Caveat	Description	Required filters
Data freshness	The report is updated twice a year
Definition of business	CA Census relies on the Business Register, which are all active Canadian businesses	Exclude point-only POI using `geometry_type` and closed POI using `closed_on`
Inclusions	Businesses that have a corporate income tax account, an employer payroll deduction remittance account, a GST/HST account, a T5013 partnership account, or a registered charities account. Persons reporting business income on personal tax forms are also included	Exclude `naics_code` starting with: 2361, 2362, 238, 4841, 4842, 5239, 531, 541, 5617, 6244, 8134, 8139, related to building contractors, services for real estate, professional consultants and professional interest groups, which are often conducted online or from a residential address, which SafeGraph omits.
Exclusions	This report only includes businesses with at least one employee, which excludes businesses that are wholly run by the owner and do not have additional employees.	Exclude `naics_code`: 531110, 712190, 812220 for apartment buildings, parks and cemeteries respectively
Categorization	CA Census uses automated coding software evaluates the activity description indicated by the business and assigns the appropriate industry classification coding

Results - CA POI

Observing the comparison of SafeGraph open POI counts against the CA Census businesses counts, we can see a lot of overlap across categories. However there are factors which can help explain the differences in some categories:
Categories where SafeGraph has a higher POI count:

This US Census report only counts businesses with employees, which excludes businesses run by self-employed individuals, like 8121: Personal Care Services.

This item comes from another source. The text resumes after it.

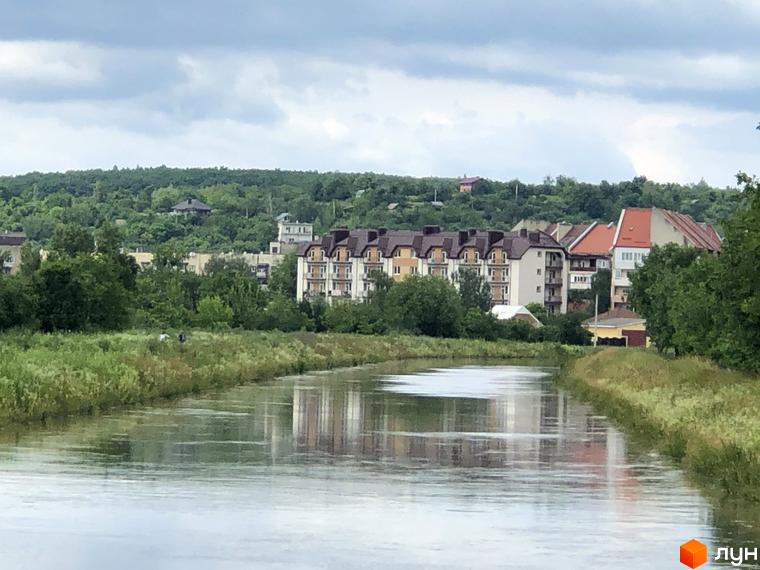 Житловий комплекс Котляревського. Багатоквартирні будинки з коричневими дахами та світлими фасадами розташовані біля річки на тлі зелених пагорбів.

Categories where SafeGraph has a lower POI count:

Some categories, such as healthcare or industrial POI, are harder to source high quality data. SafeGraph continues to aggregate data from a wide range of sources, including publicly available data or partnering with vendors.
The CA Census includes businesses that are conducted online or in a residential address, which SafeGraph omits.

** Other considerations:**

Differences in category counts can also be attributed to how the CA Census determines the category of an establishment, based on its own coding software. Whereas SafeGraph uses its own category model.

Recall: Total POI Count for Selected Brands

Does SafeGraph Places include all POI for selected brands?

Methodology

To assess the accuracy of branded POI counts, generate a randomized sample of 20 safegraph_brand_ids where store counts were greater than 1,000 stores nationally and measure the total count of POI for each brand. For each brand, the SafeGraph Places count can be compared to the count of stores listed on the brand’s store locator site. Note determining the number of stores listed on the brand’s store locator website may require building a custom website scraping solution.

Completeness: Attribute Counts

What coverage does SafeGraph places offer and what are the fill rates for POI attributes?

Methodology

For example, you may want to examine the completeness of data coverage for high-value attributes like:

naics_code
phone_number
open_hours

Fill rate is defined as the percentage of non-null values for the attribute of interest in the dataset which can be computed with a simple query.

Please see Places Summary Statistics for a complete list of attribute counts and fill rates for the latest SafeGraph Places release. We recommend examining fill rates both overall and for high-value major retail chains (brands).